Microsoft Foundry Logging: Control Plane, Data Plane, and Application Insights
A breakdown of every logging layer available in Microsoft Foundry: what each captures, which sources security operations teams need to enable, and why the routing decisions matter before anything goes to production.
Microsoft Foundry deployments generate telemetry across four distinct layers: the Activity Log, Diagnostic Settings at both the resource and project level, Application Insights, and the Entra ID identity plane. The Activity Log is the only one that requires no configuration unless you want to ingest the data into Microsoft Sentinel.
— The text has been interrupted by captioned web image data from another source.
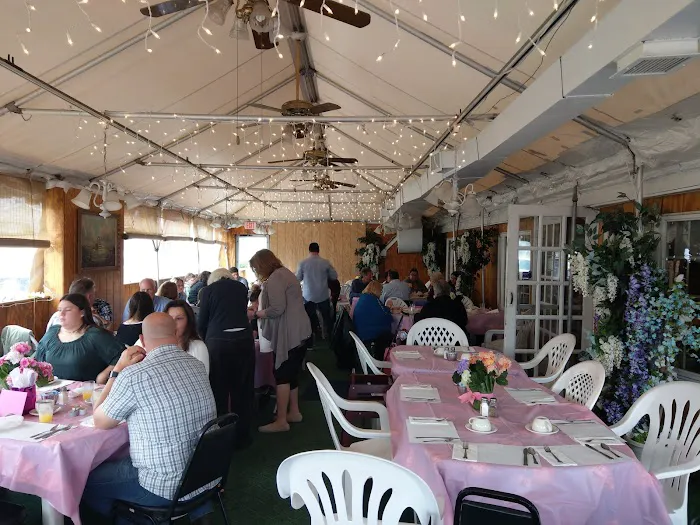 The White Whale Picture 1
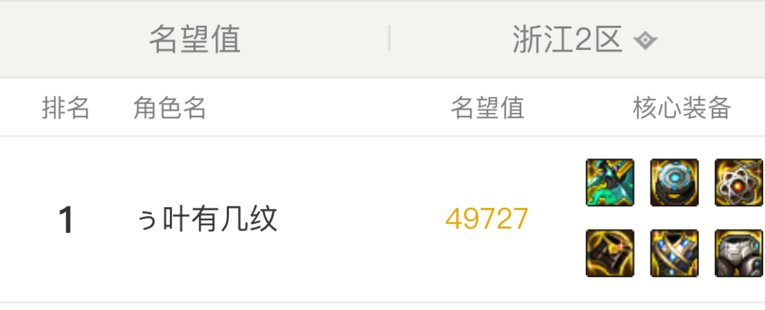 村一关羽归位！1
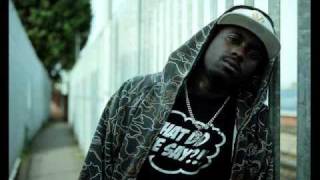 P Money - Slang Like This (Instrumental)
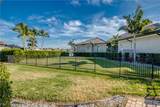 5605 Merlyn Lane - Photo 45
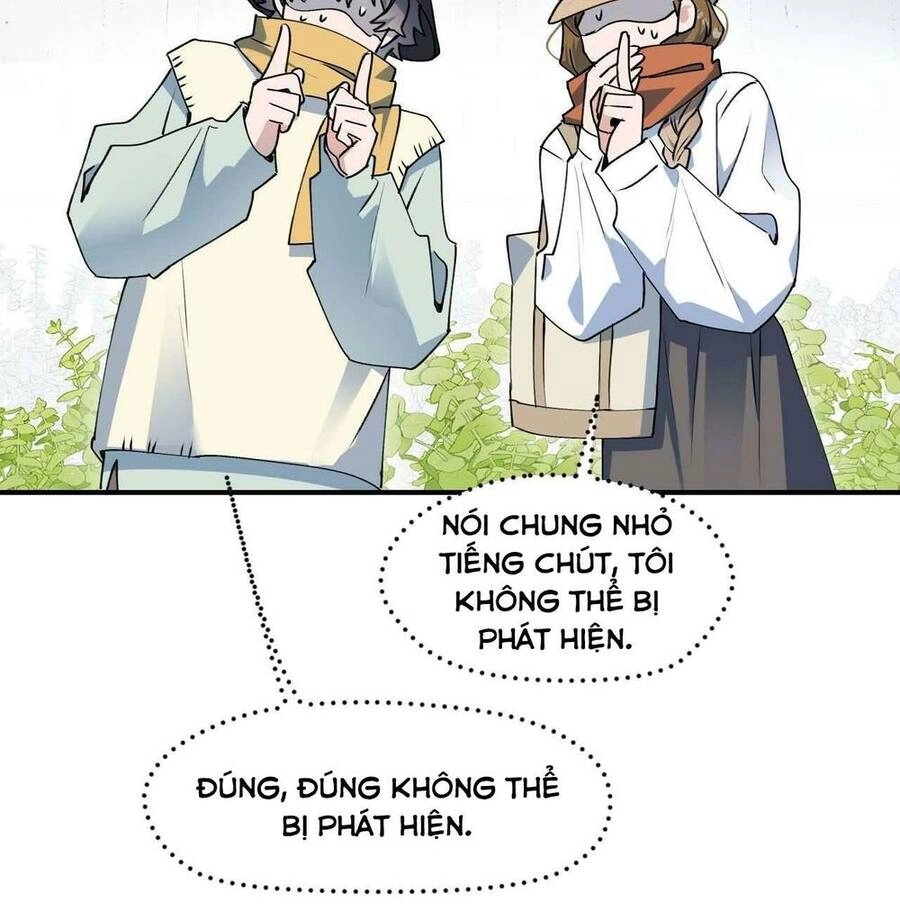 Ma Vương Đại Nhân Luôn Trêu Chọc Tôi Chapter 14 - 34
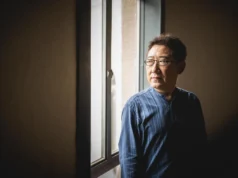 SWF 2026: Hidden In Plain Sight investiga crime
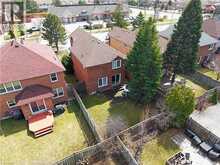 1471 PICKWICK Drive | Mississauga Ontario | Slide Image Twenty-eight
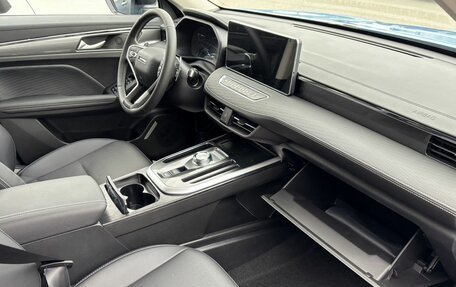 Haval Jolion, 2026 год, 2 649 000 рублей, 13 фотография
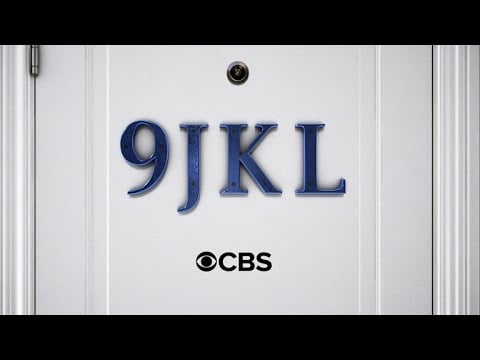 9JKL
Every other source is opt-in, and the decisions about what to collect, where to route it, and who can access it are most consequential before a workload carries real traffic. Log gaps in production are possible to close retrospectively, but the data that was never collected cannot be recovered.
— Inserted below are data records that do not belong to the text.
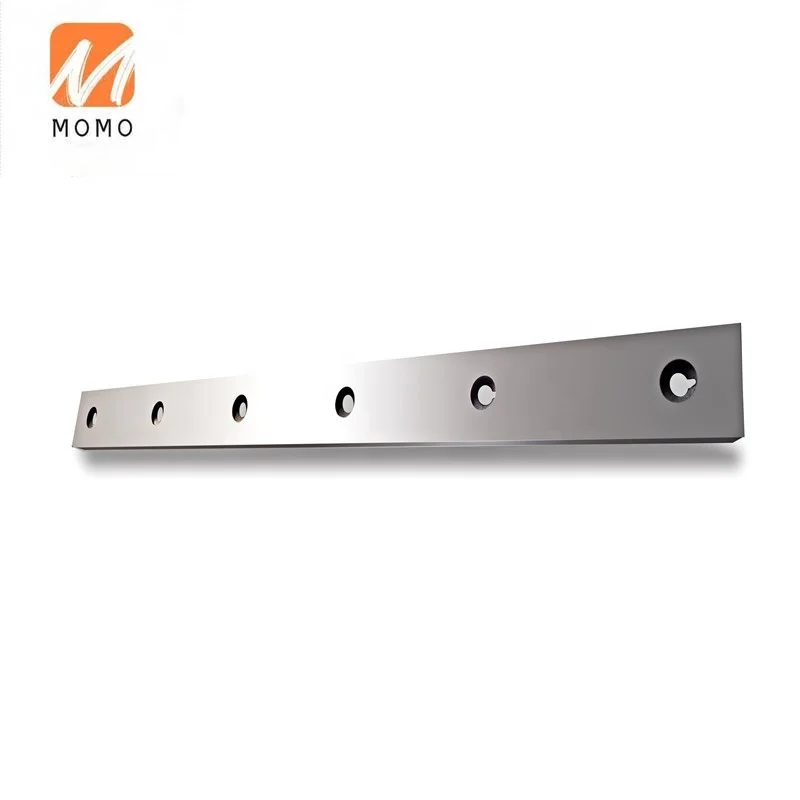 Factory Price High Haderness Carbide Inserts Shear Blades For Light Industry/ Aviation/ Shipbuilding/ Metallurgy
Factory Price High Haderness Carbide Inserts Shear Blades For Light Industry/ Aviation/ Shipbuilding/ Metallurgy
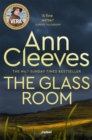 The Glass Room - eBook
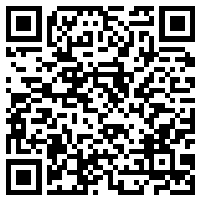 QR Code for bitcoin:bitcoin:bitcoin:bitcoin:litecoin:LTLfwxXfRa2hGUNYVTQpGmDqutXukBeYcV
This is the first post in a series on Microsoft Foundry logging for Security Operations. Each layer is distinct in what it captures, where it routes, and what it takes to enable; conflating them leads to gaps that are invisible until an incident exposes them. Cloud operations visibility is a useful framing device for this first post, but the series from here focuses on what security operations teams need to configure, route, and monitor once Foundry is running.
Disclaimer: Diagrams and structural drafts were produced with AI assistance; the analysis, technical judgements, and text are my own unless stated otherwise.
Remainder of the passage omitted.